Many blessings to you and your family.  From the bottom of my heart, I wish you all a peaceful, joyous holiday season.

p.s. To Donna, Jason, James, and Val’s cousin Jay, thanks for your service to our country – you guys rock…  Merry Christmas!!


  1. Aunt Carol says

    Wow!!!! Well written Julie. I, too, have been reflecting on Christmas-past and all the good times we all had together. Things change, and we must make new holiday memories for our family now and future. Thank God we also have the memories of good times we had with family past and present.

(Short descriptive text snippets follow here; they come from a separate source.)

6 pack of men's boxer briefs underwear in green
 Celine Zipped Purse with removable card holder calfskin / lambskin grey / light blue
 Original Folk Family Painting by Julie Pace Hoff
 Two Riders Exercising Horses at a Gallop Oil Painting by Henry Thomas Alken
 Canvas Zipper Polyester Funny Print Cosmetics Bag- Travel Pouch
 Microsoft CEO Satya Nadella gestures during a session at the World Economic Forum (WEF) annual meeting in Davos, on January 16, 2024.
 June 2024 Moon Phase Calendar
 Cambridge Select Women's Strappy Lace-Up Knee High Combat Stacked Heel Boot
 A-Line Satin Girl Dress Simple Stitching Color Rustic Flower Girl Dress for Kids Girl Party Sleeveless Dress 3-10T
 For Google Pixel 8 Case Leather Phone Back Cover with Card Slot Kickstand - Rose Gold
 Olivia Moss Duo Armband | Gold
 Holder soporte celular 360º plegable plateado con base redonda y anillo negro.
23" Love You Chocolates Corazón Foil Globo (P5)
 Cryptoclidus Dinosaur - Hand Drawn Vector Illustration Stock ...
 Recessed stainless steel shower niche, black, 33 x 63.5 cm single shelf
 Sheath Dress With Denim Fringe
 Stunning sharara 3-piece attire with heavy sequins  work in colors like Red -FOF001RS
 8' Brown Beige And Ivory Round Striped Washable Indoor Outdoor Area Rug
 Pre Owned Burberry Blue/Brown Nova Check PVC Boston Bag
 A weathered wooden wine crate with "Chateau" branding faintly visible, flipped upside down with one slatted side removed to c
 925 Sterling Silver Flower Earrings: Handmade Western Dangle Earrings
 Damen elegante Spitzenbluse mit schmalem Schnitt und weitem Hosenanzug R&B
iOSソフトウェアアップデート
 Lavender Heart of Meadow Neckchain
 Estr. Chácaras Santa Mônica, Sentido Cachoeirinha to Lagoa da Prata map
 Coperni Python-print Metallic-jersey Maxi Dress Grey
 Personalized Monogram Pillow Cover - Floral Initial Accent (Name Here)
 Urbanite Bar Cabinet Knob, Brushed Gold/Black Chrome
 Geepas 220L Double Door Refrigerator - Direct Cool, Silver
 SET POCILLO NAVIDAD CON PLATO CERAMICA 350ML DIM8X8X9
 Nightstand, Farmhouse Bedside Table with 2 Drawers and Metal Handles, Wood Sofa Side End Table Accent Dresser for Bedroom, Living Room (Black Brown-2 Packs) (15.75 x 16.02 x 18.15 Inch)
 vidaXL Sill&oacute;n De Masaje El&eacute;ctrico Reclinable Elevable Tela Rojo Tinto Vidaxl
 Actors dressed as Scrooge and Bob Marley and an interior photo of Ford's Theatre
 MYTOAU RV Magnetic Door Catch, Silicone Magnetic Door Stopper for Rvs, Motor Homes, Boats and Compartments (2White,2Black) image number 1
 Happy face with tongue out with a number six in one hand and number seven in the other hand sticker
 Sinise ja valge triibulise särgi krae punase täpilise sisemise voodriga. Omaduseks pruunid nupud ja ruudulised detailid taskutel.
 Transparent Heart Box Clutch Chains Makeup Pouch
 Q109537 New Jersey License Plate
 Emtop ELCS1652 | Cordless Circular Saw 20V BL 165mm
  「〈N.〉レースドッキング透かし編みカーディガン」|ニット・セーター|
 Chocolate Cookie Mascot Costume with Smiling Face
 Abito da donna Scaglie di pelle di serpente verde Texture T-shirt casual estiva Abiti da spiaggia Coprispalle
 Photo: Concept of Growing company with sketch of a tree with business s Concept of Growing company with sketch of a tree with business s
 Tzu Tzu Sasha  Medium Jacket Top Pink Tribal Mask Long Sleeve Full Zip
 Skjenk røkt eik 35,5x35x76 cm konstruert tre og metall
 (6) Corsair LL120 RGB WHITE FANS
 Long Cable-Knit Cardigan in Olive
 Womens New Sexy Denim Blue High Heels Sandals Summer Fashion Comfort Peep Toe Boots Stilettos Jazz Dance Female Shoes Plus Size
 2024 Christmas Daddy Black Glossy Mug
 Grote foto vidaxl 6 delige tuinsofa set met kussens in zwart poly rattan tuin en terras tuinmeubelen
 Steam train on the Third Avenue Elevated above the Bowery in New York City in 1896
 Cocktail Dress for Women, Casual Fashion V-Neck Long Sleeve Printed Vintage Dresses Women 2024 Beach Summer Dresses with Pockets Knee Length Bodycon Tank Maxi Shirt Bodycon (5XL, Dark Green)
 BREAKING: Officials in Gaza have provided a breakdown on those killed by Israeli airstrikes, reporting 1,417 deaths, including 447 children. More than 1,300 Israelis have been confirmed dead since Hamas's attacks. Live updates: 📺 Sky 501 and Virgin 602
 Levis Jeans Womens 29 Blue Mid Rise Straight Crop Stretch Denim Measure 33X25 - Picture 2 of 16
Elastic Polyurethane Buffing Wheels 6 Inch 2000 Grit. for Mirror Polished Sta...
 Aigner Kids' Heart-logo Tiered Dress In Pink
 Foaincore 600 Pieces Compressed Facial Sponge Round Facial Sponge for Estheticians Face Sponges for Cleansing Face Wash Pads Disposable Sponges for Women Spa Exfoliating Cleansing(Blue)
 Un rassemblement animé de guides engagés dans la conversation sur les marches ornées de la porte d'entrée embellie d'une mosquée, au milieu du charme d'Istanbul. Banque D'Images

    Being the first all non-Italian to join the Cleri family, my first Christmas was a big change from how the French celebrate Christmas. After attending midnight Mass we came home and opened gifts then family would gather and we would eat pork pie and celebrate until early in the a.m. I was not a fish eater (our fish consumtion included clam cakes, fish sticks, and lobster). Yes, I did grow up in Maine! In the Italian the seven fishes, including squid, eel, and octopus, that’s I remember about my first Christmas meal. I was encouraged to “taste,” which I did with much hesitation. Of course I remember the home-made pasta. That was so good, something I never had. I could not believe how many courses were served, it seemed non-stop. It was great spending time during all the holidays with all the Cleris and Tarquinios either in Southbridge or Somerville. I remember Bob being Santa for the kids. One year we had a Ouiju board and Uncle George did not believe it, Elaine I were playing with it and asked Uncle George to ask a question neither of us would know, he wanted to know his service number. Quiju got it right!!!! Elaine I were just as shocked as everyone else was. There are some many great memories. My marriage ended, but the relationship with “my family” will last forever. Thank you all for being you. Love you all!

  2. Juliann says

    Thanks, Auntie for sharing your thoughts and memories. It’s heart warming to read them and feel the love we all shared during those times. And the beauty is hearing things from your point of view, since we all experienced things in our own way.

    Anyone else?

  3. Juliann says

    I also had to add this, which just came in from an email from BobSteve or SteveBob…if this doesn’t just crack you up…

    My brother, Steve has assumed the Christmas Eve role of doing the present rendition of the
    Feast of 7 Fishes.

    We were in the Italian Market making sure we had all the necessary ingredients and were checking out when the cashier started to laugh and turning to her fellow cashier ” Mary,Look at these two, laughing more and more, they bought only 4 Custanas (chestnuts), what in the world are you going to do with ust 4 of them” now the entire area was in laughter. We explained that we either forget to cook them, or cook them and forget they are in the oven, or take them out of the oven and forget to serve them. So we now buy token Castanas. They are the catalysts the bring back the MEMORIES of the Christmas Dinners in Somerville with the whole gang. If for nothing at all, that story will be told at many Christmas Dinners this year.
    The two “chadrols” that bought 4 Castanas.

    Love Stevebob or Bobsteve

  4. Mom says

    So many wonderful memories we have of our Christmas’
    past and you have captured most of them. We will never be able to duplicate them now but must make new memories for the new generation. Everyone is so scattered all over the place, that we would find it very difficult to all be in the same place at one time. In our generation, we were all close so being together was easy. My Mom and Auntie May were the glue that held our families together. No matter how hard we try we could never live up to their example. They were tireless when it came to family. Always planning for the next holiday or party when we would all be together. The great thing was we all enjoyed being together and had a great time. Me, my two brothers and all my cousins spent so much time together, it was like we were one family. We had such wonderful times. There was always great preparation of the traditional foods and so many desserts. My aunt was the master baker, so many yummy things!! Julie, I’m so glad that you remember everything in such detail and so fondly, it has brought me back to remembering all the wonderful times we had. I send my love to you all!